#### [PROVIDED RECORDS]
┌──

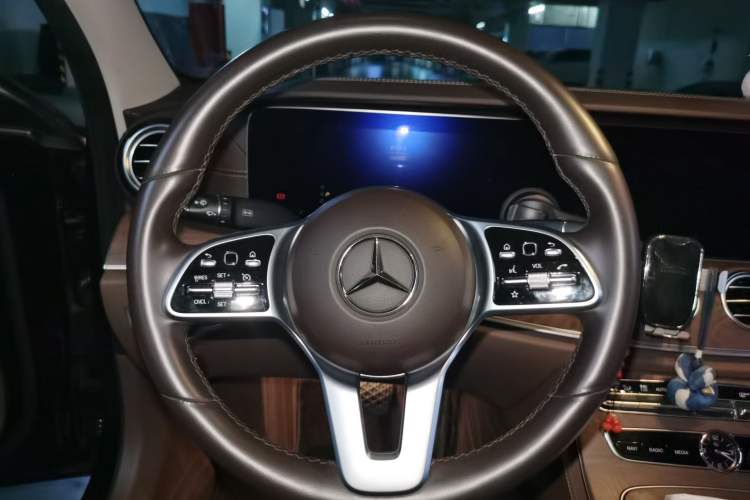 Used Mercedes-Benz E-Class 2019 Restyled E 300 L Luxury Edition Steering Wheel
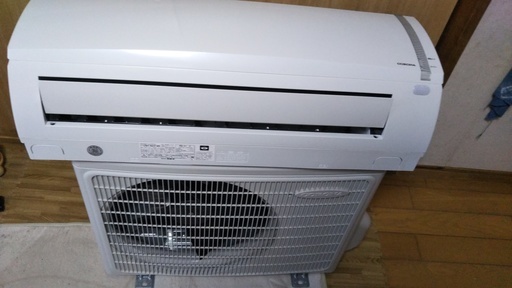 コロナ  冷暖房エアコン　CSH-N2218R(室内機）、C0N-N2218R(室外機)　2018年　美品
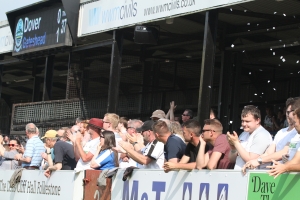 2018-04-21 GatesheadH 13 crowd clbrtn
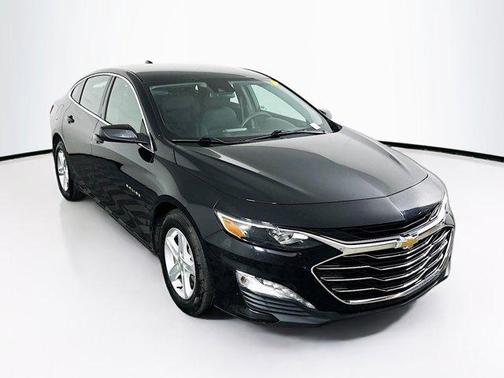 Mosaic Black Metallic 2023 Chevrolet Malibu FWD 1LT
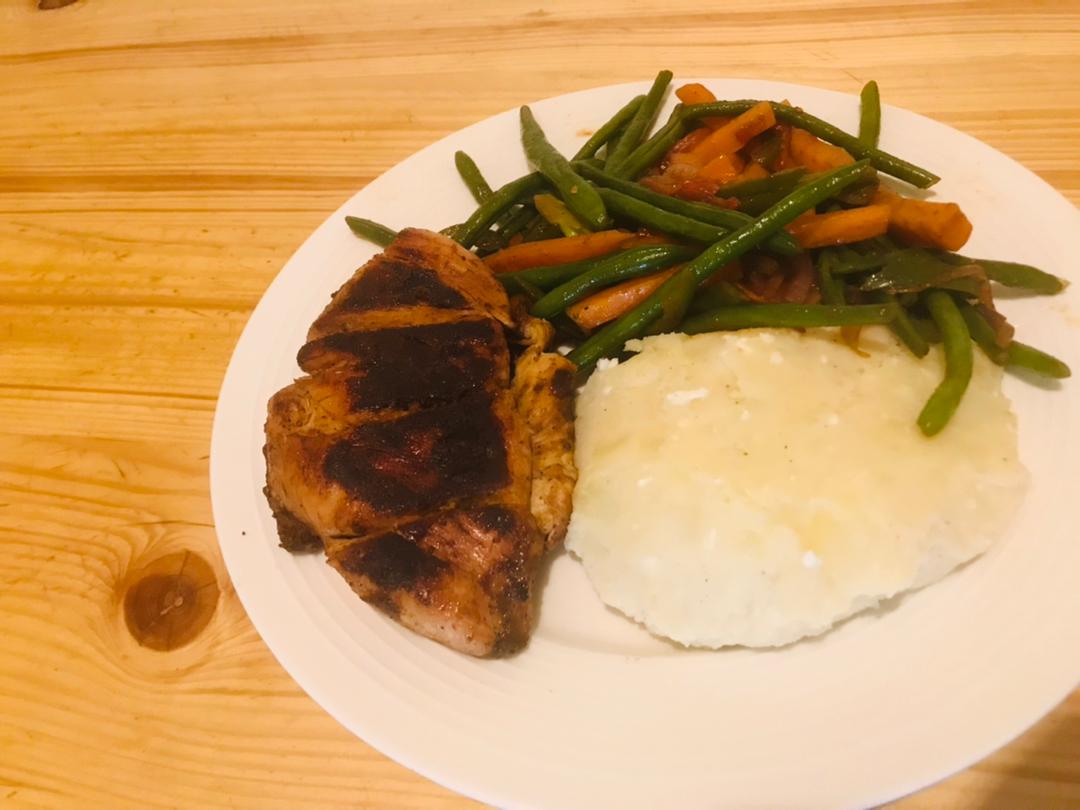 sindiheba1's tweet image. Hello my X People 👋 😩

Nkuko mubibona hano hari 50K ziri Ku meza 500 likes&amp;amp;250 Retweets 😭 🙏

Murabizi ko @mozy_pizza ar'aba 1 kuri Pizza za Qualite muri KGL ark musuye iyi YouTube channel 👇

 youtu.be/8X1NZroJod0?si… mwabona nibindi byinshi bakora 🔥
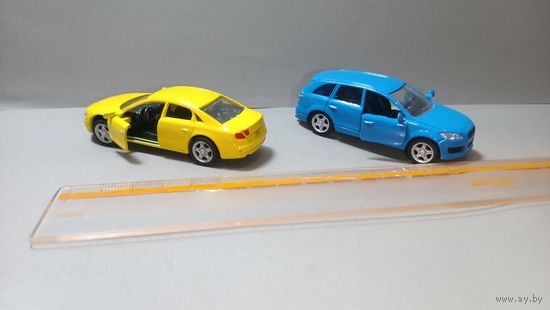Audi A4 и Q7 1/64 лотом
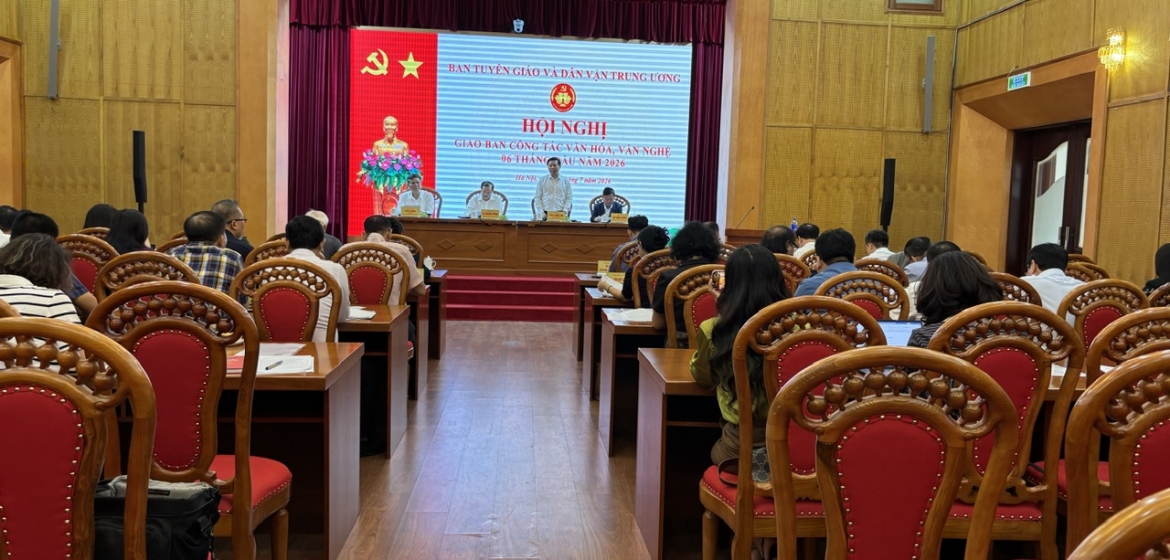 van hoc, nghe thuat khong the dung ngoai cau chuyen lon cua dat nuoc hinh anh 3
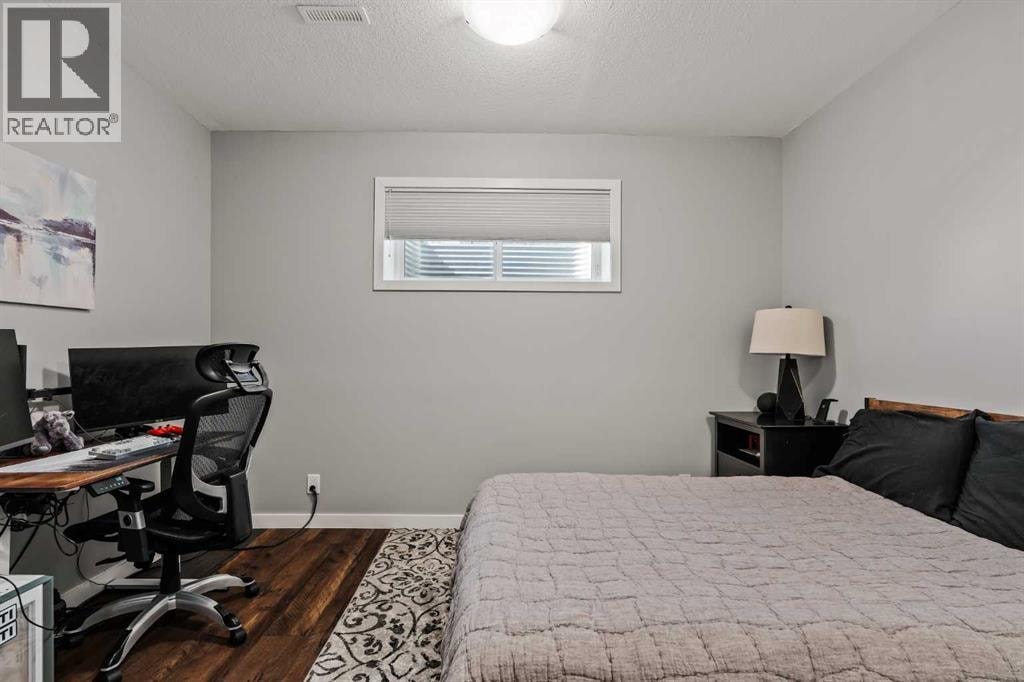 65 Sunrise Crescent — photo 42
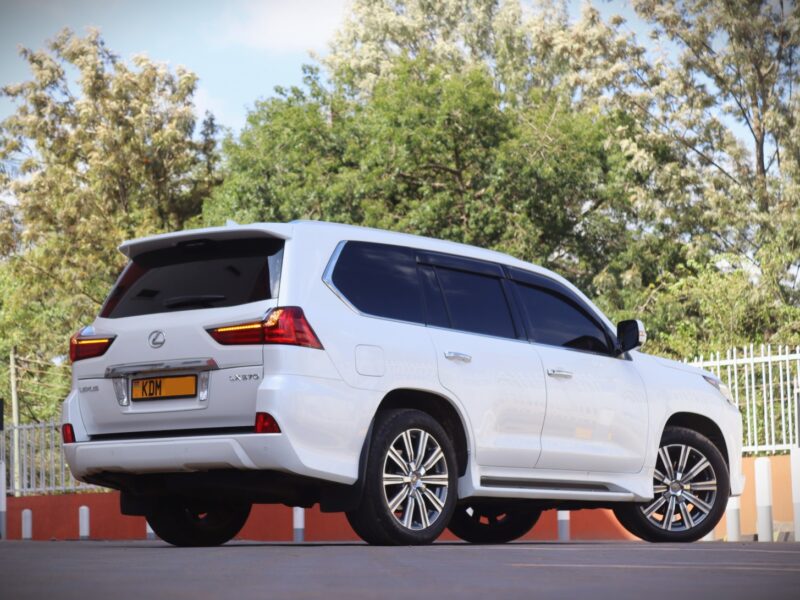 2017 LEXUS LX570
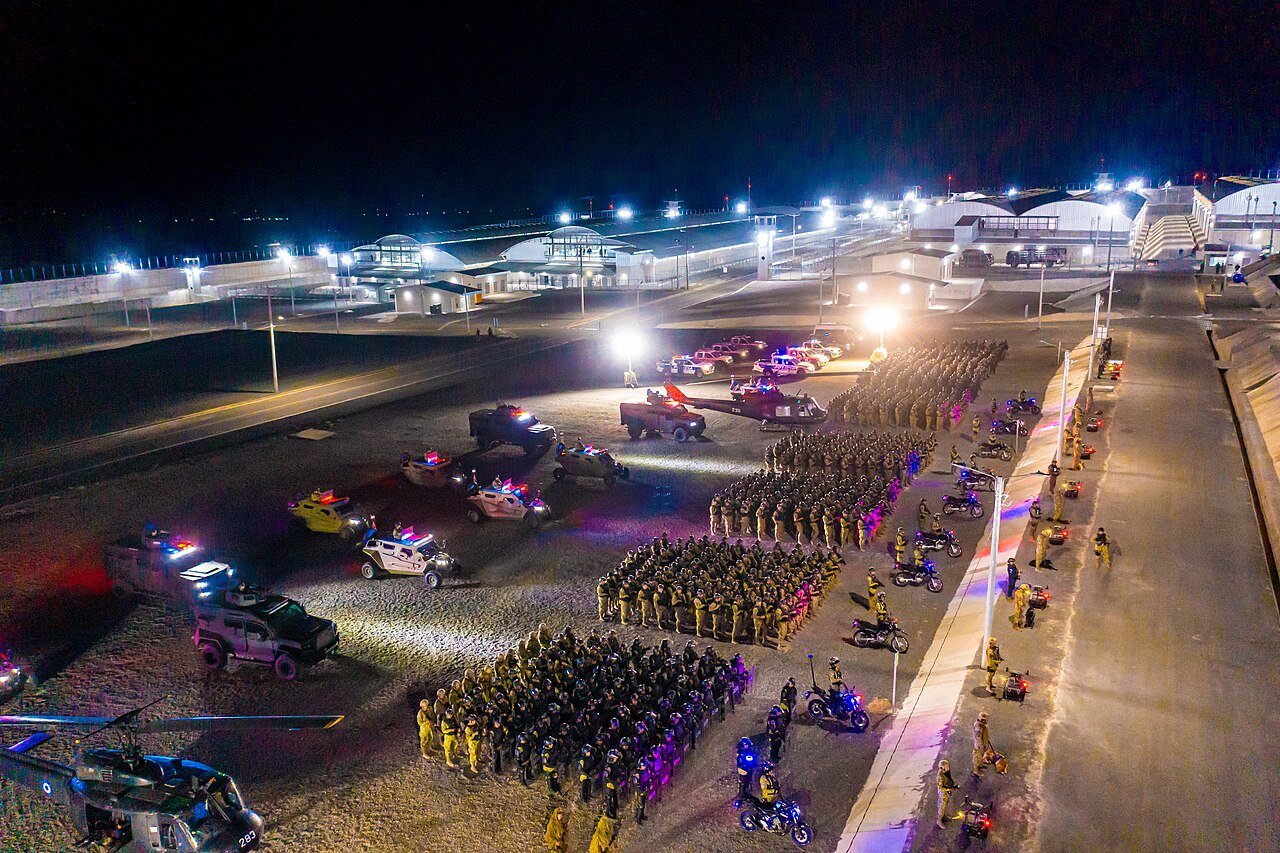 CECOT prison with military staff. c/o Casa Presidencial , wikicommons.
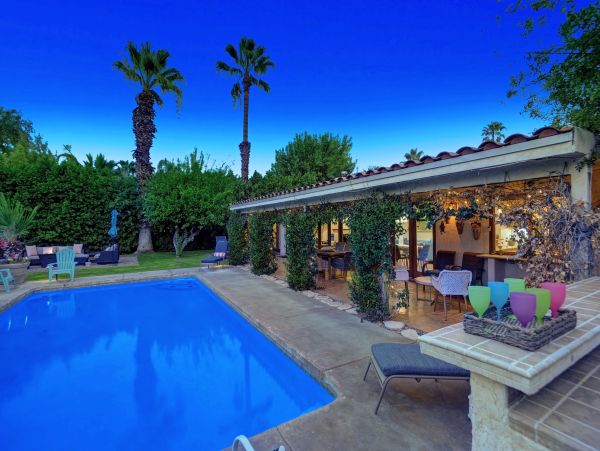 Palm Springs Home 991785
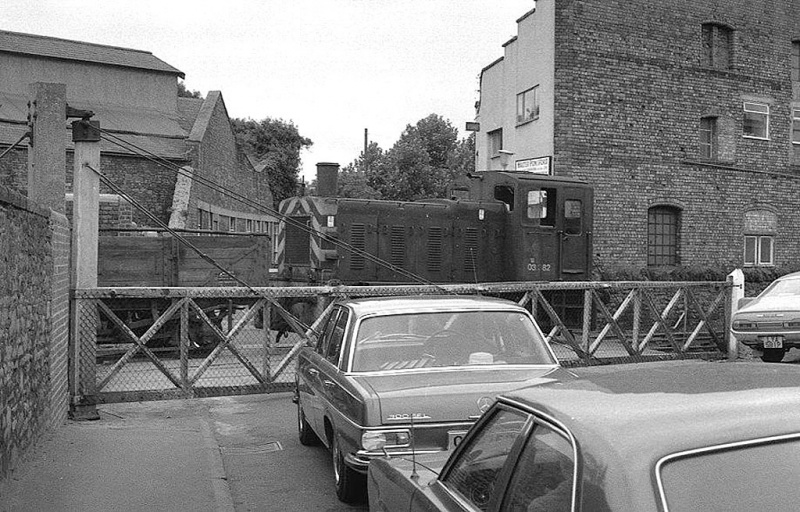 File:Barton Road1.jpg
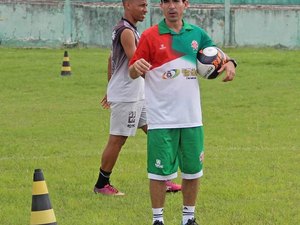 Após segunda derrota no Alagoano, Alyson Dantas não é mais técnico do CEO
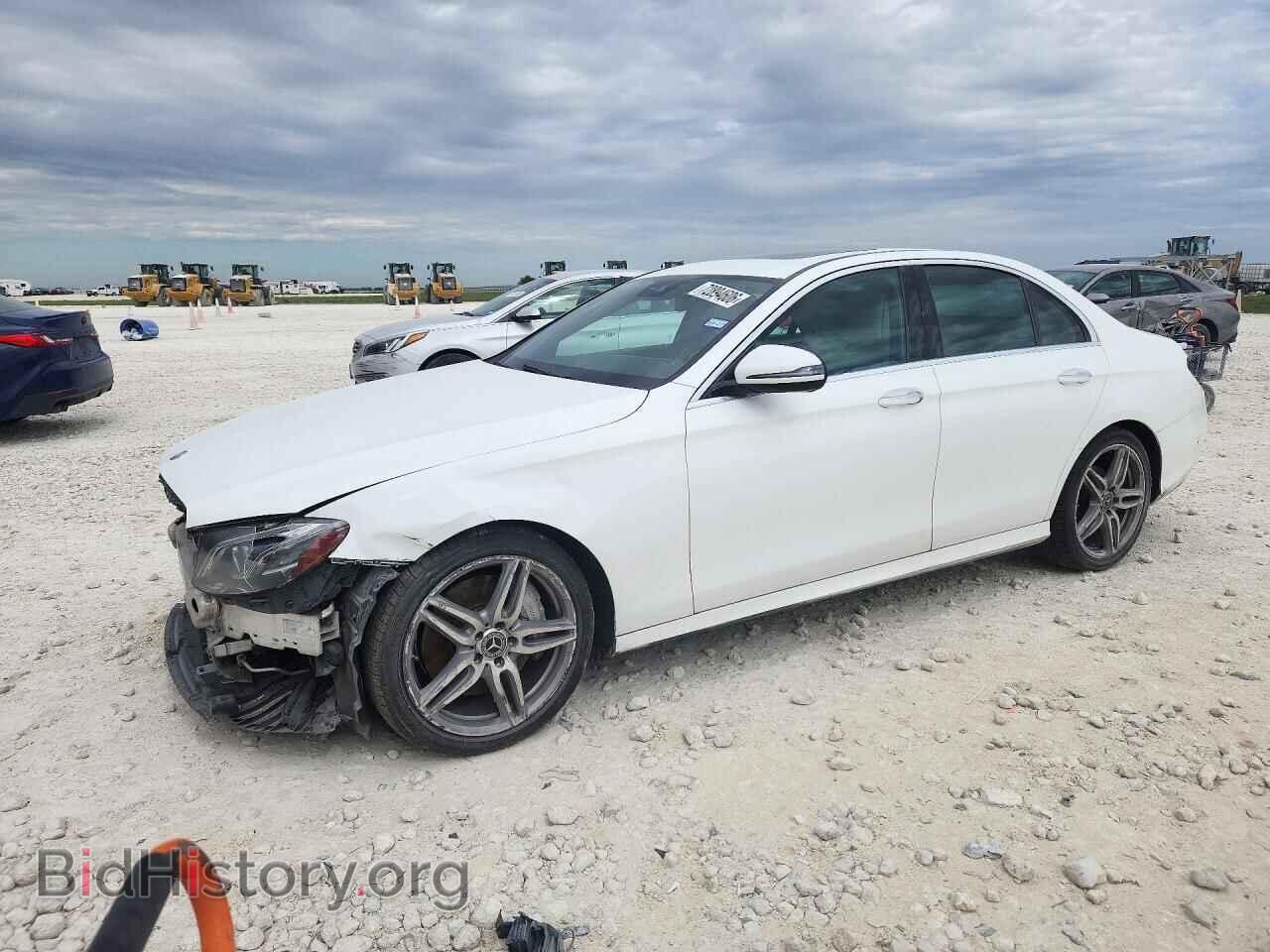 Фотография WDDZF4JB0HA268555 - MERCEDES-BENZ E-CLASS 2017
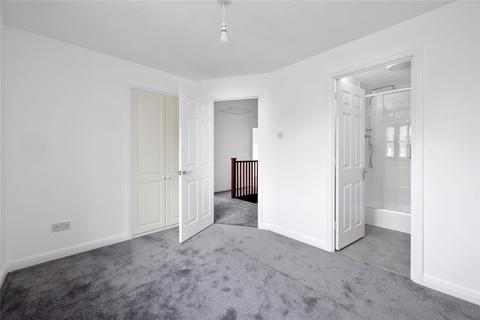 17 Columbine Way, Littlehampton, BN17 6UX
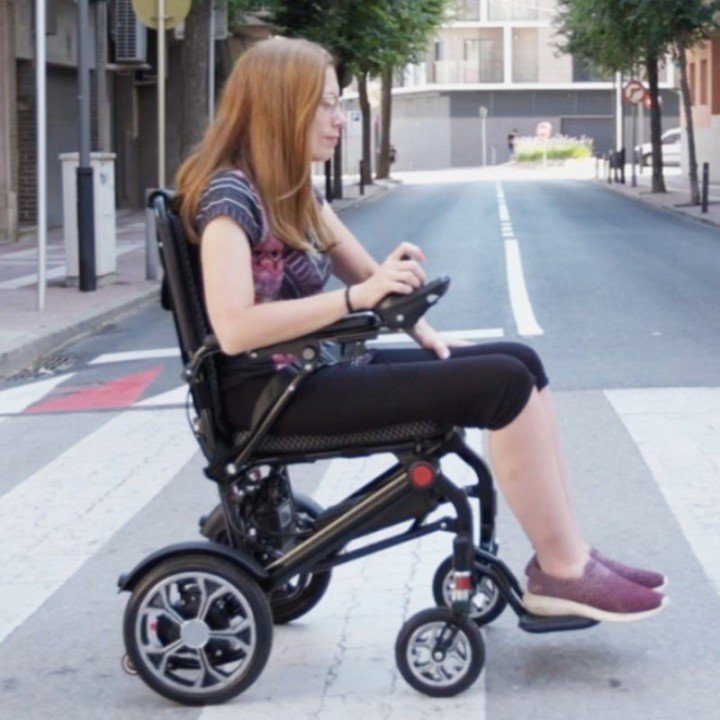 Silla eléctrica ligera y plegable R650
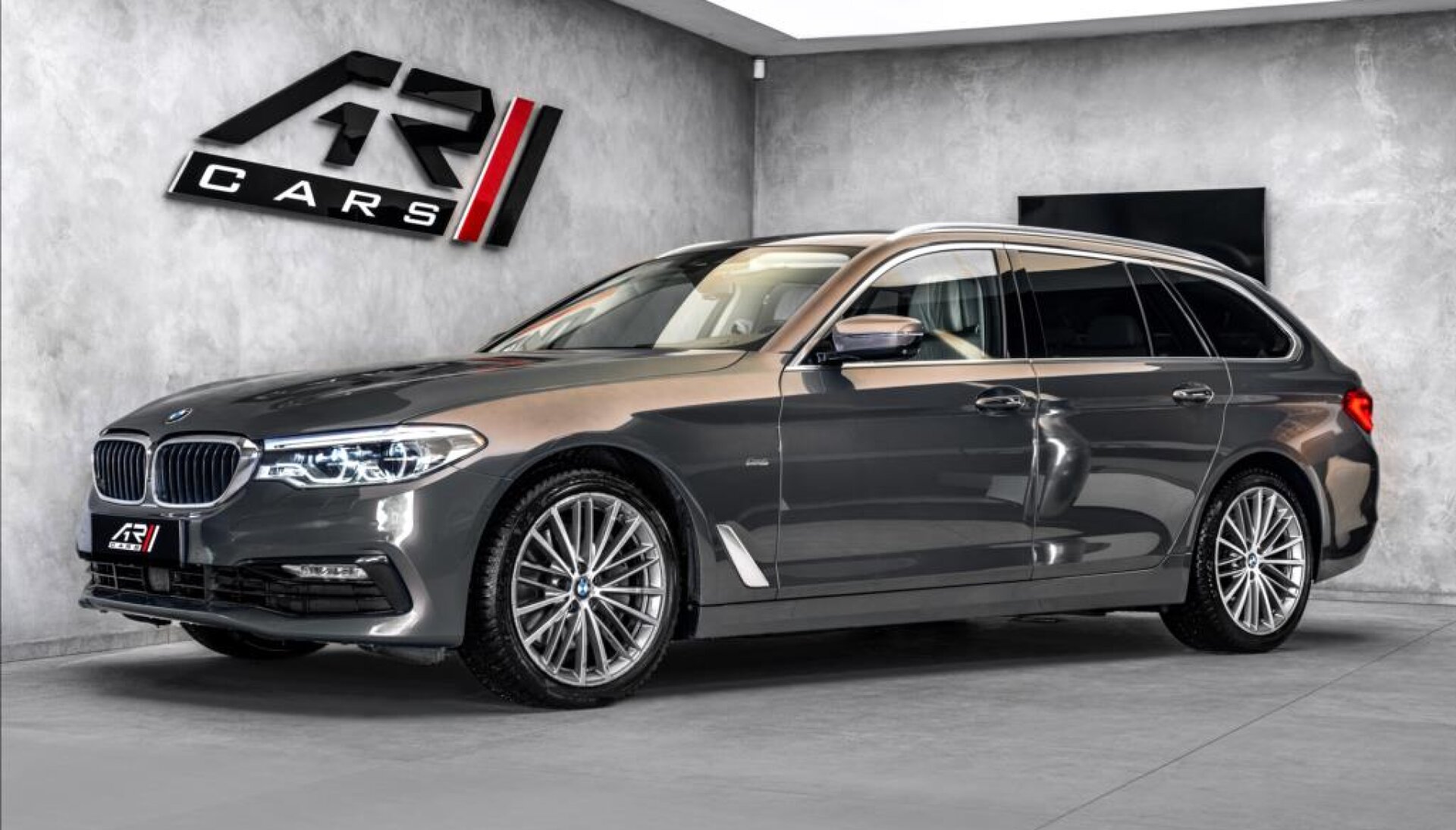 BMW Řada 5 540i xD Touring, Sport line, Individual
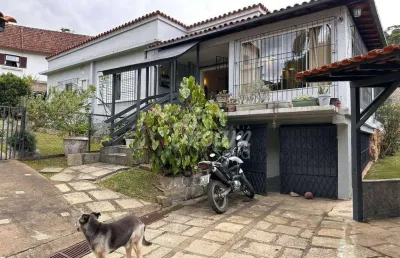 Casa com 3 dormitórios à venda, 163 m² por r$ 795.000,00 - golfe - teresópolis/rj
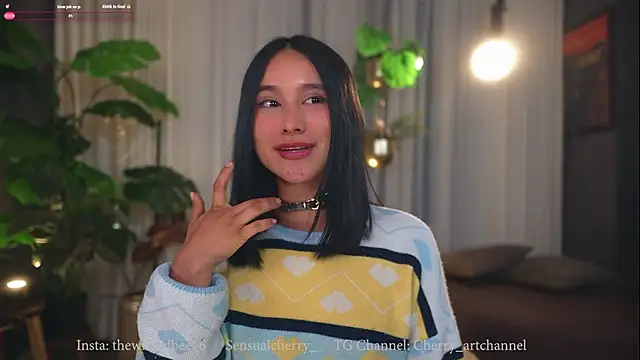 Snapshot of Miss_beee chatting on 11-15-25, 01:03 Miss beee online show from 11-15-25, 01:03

└──

#### [EXERCISE AIM]
From the first line to the last, set down the data exactly, without the pictures.

#### [WRITTEN RESPONSE]
 Used Mercedes-Benz E-Class 2019 Restyled E 300 L Luxury Edition Steering Wheel
 コロナ  冷暖房エアコン　CSH-N2218R(室内機）、C0N-N2218R(室外機)　2018年　美品
 2018-04-21 GatesheadH 13 crowd clbrtn
 Mosaic Black Metallic 2023 Chevrolet Malibu FWD 1LT
 sindiheba1's tweet image. Hello my X People 👋 😩

Nkuko mubibona hano hari 50K ziri Ku meza 500 likes&amp;amp;250 Retweets 😭 🙏

Murabizi ko @mozy_pizza ar'aba 1 kuri Pizza za Qualite muri KGL ark musuye iyi YouTube channel 👇

 youtu.be/8X1NZroJod0?si… mwabona nibindi byinshi bakora 🔥
Audi A4 и Q7 1/64 лотом
 van hoc, nghe thuat khong the dung ngoai cau chuyen lon cua dat nuoc hinh anh 3
 65 Sunrise Crescent — photo 42
 2017 LEXUS LX570
 CECOT prison with military staff. c/o Casa Presidencial , wikicommons.
 Palm Springs Home 991785
 File:Barton Road1.jpg
 Após segunda derrota no Alagoano, Alyson Dantas não é mais técnico do CEO
 Фотография WDDZF4JB0HA268555 - MERCEDES-BENZ E-CLASS 2017
 17 Columbine Way, Littlehampton, BN17 6UX
 Silla eléctrica ligera y plegable R650
 BMW Řada 5 540i xD Touring, Sport line, Individual
 Casa com 3 dormitórios à venda, 163 m² por r$ 795.000,00 - golfe - teresópolis/rj
 Snapshot of Miss_beee chatting on 11-15-25, 01:03 Miss beee online show from 11-15-25, 01:03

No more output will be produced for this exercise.